Instructions to follow:
The records below are to be returned word for word, with pictures left out.

↓↓↓

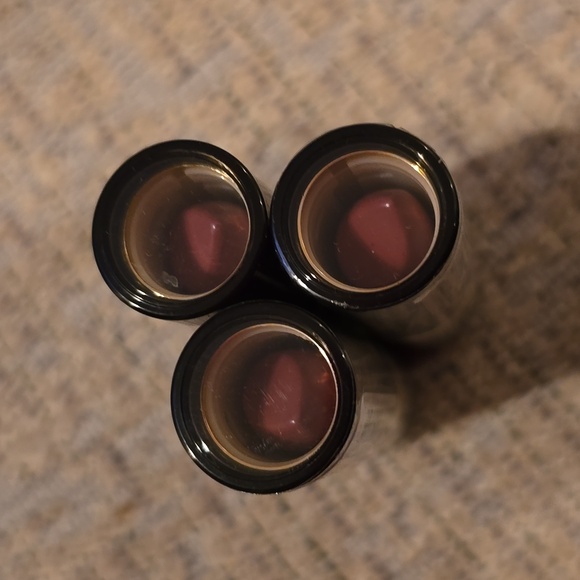 REVLON BRAND WOMEN'S SUPER LUSTROUS LIPSTICK BUNDLE OF 3 - Picture 3 of 6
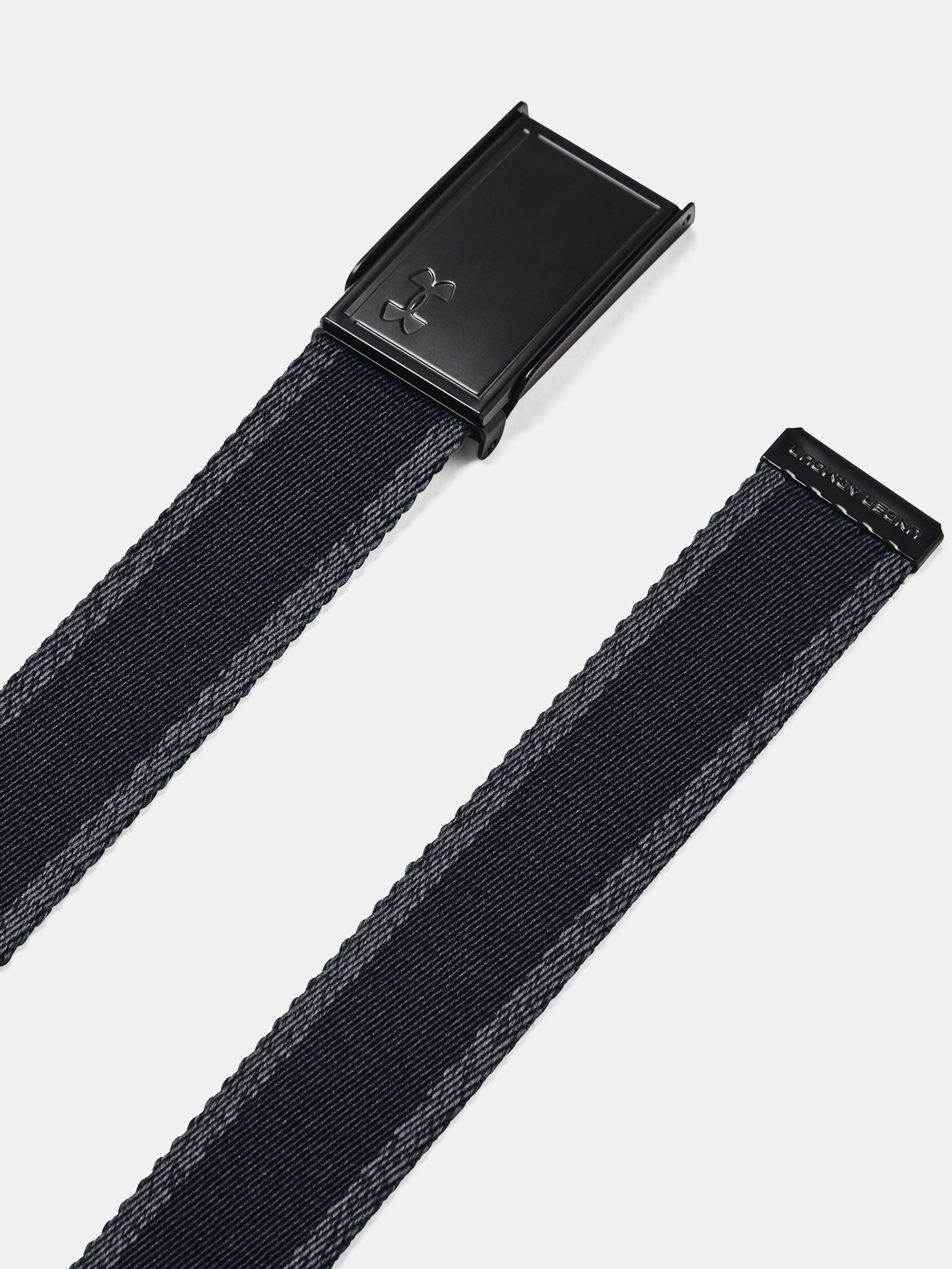 Női nadrágszíj Under Armour W's Webbing Belt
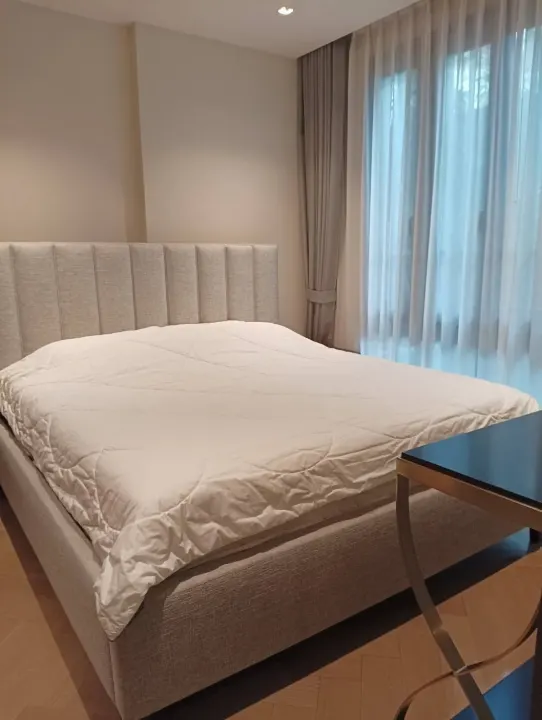 Property photos for The Reserve Sukhumvit 61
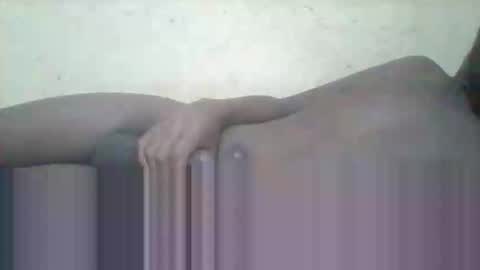 bigblack cock01 online show from December 21, 2025, 4:52 am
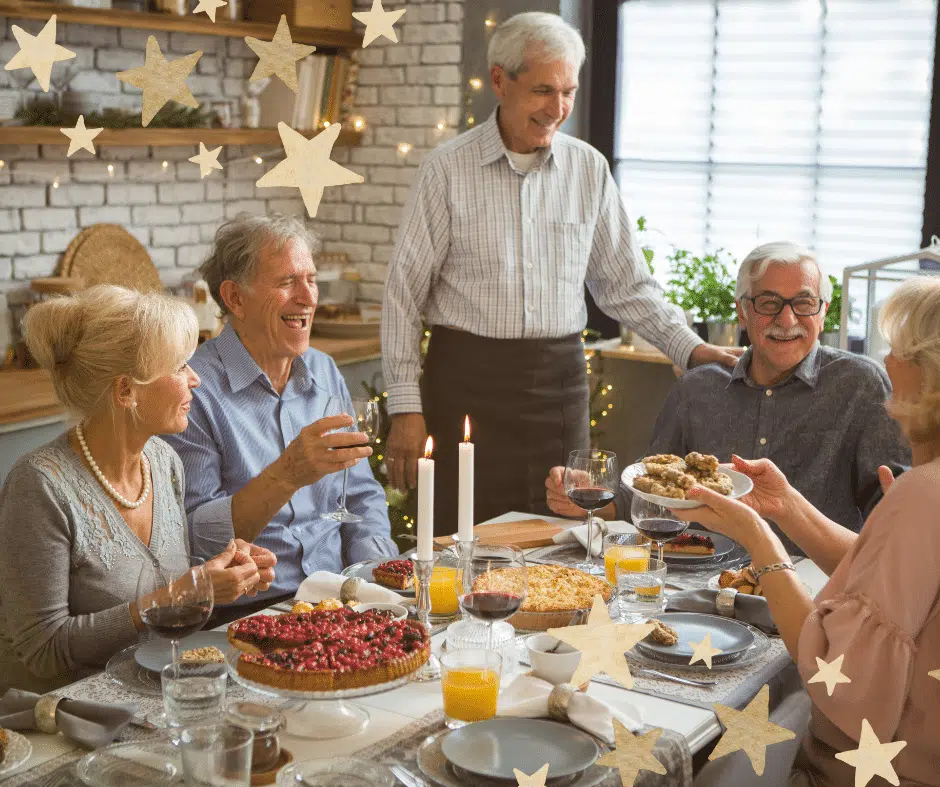 Nieuws afbeelding Een klein gebaar kan het verschil maken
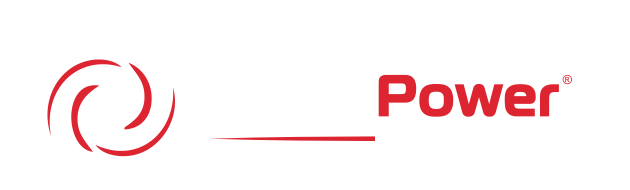 HydroPower Engineering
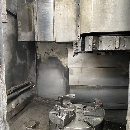 []出售同款两台沈阳2012年产VTC5060高速立车，法拉克系.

↑↑↑

Solution to the exercise:
 REVLON BRAND WOMEN'S SUPER LUSTROUS LIPSTICK BUNDLE OF 3 - Picture 3 of 6
 Női nadrágszíj Under Armour W's Webbing Belt
 Property photos for The Reserve Sukhumvit 61
 bigblack cock01 online show from December 21, 2025, 4:52 am
 Nieuws afbeelding Een klein gebaar kan het verschil maken
 HydroPower Engineering
 []出售同款两台沈阳2012年产VTC5060高速立车，法拉克系.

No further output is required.